Norway next to release over US$100M to Guyana in climate fund
By Kaieteur News
Petroleumworld 06 29 2018
The Governments of Guyana and Norway met yesterday in Oslo, Norway, agreeing to move their climate, forests, and sustainable development forward with speed and determination.
I am delighted that we now have strong agreement with the Government of Guyana on a way forward for our partnership, stated Minister of Climate and Environment of Norway, Ola Elvestuen, after the meeting.
According to a release from the Department of Public Information, the two governments noted the impressive results of Guyana in maintaining its extremely low rates of deforestation, and the administration's strong push to maintain increasing parts of Guyana's unique rainforests intact. They also noted good progress on forest governance issues, in accordance with the letter and spirit of their partnership.
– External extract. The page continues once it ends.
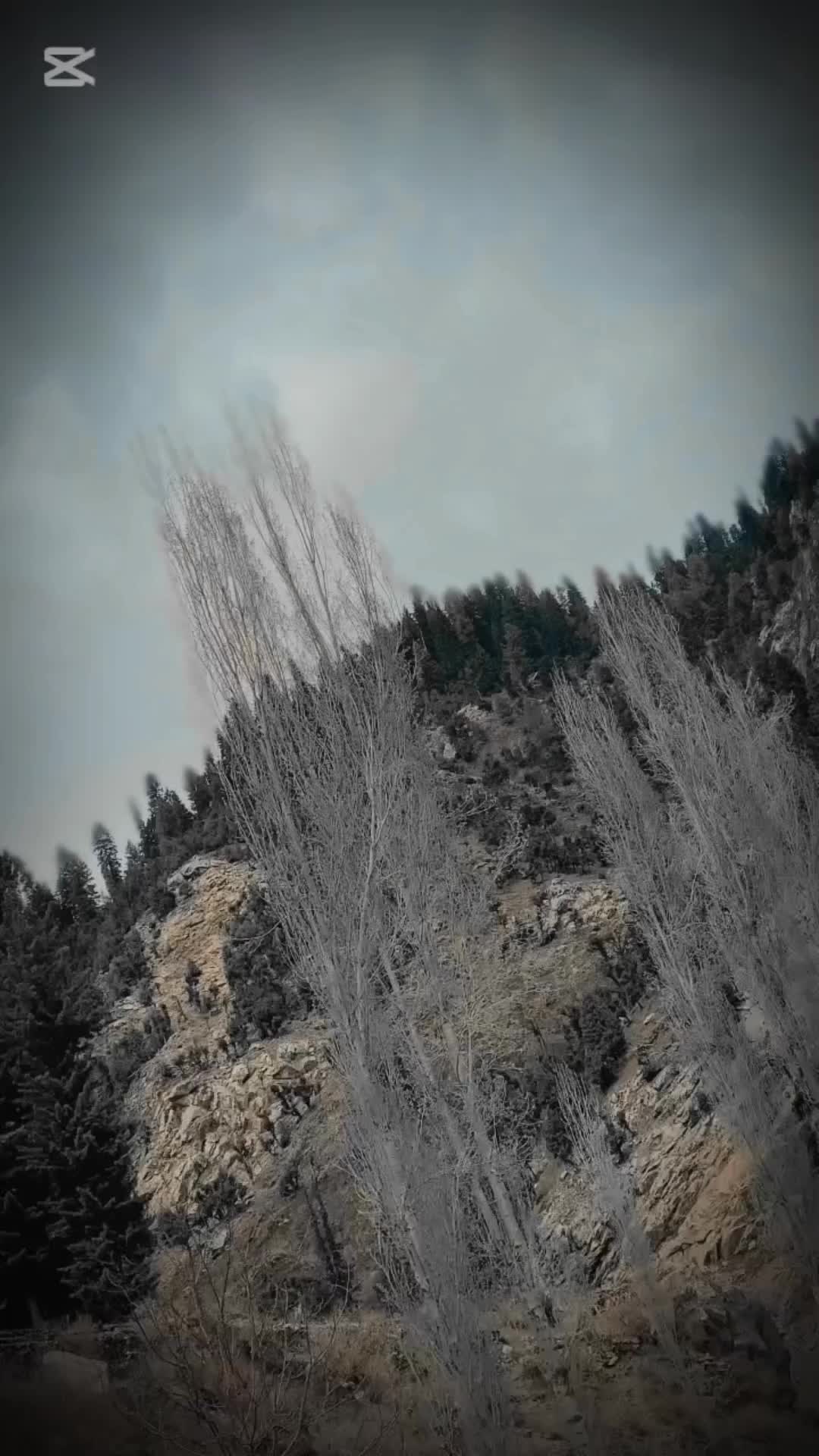 @𝕊ℍ𝔸𝕂𝕀ℝ 𝔾𝕌𝕃𝕃𝕀🚩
The partners also emphasized the importance of the Government of Guyana's determination to move towards close to one hundred percent clean and renewable energy supply by 2025, and its desire in that context to embark on a strong push to increase the amounts of solar power in Guyana's energy mix. On this basis, they agreed to move as expeditiously as possible to enable the deployment of Norway's results-based contributions both those currently held by the Inter-American Development Bank (US$80M), and outstanding results-based payments of 300 million Norwegian kroners (US$36M) towards the realization of this ambition.
We are enthusiastic about this agreement on the way forward for our partnership. This is important to Guyana and Norway, and will also provide an example to the world, said Minister of State, Joseph Harmon.
Also present at the meetings were the Minister of Natural Resources, Raphael Trotman, and the Minister of Public Infrastructure, David Patterson, and Chairperson of the Guyana Forestry Commission, Jocelyn Dow.
We will now move quickly to trilateral discussions between The Inter-American Development Bank, Guyana, and Norway on how best to deploy Norwegian funding to push our renewable power ambition forward, Patterson stated.
Under the groundbreaking agreement first signed in 2009 between Guyana and Norway, this country was supposed to have received up to US$250M over a period of five years to protect its forests. However, there were delays and difficulties in meeting some of the stringent verifiable checks that were introduced to ensure the forests are kept intact.
In fact, Guyana reportedly lost US$18M because of penalties.
Almost US$80M has been sitting with the IDB, earmarked for the Amaila Falls hydro project.
It appears that it is this set of funds that Guyana wants released to pursue alternative energy projects.
Norway had agreed to extend the deal for Guyana to meet the benchmarks set.
As of mid-2016, it was reported that Guyana collected more than US$150M from the deal. Some of the monies were used in land demarcation for Amerindian villages.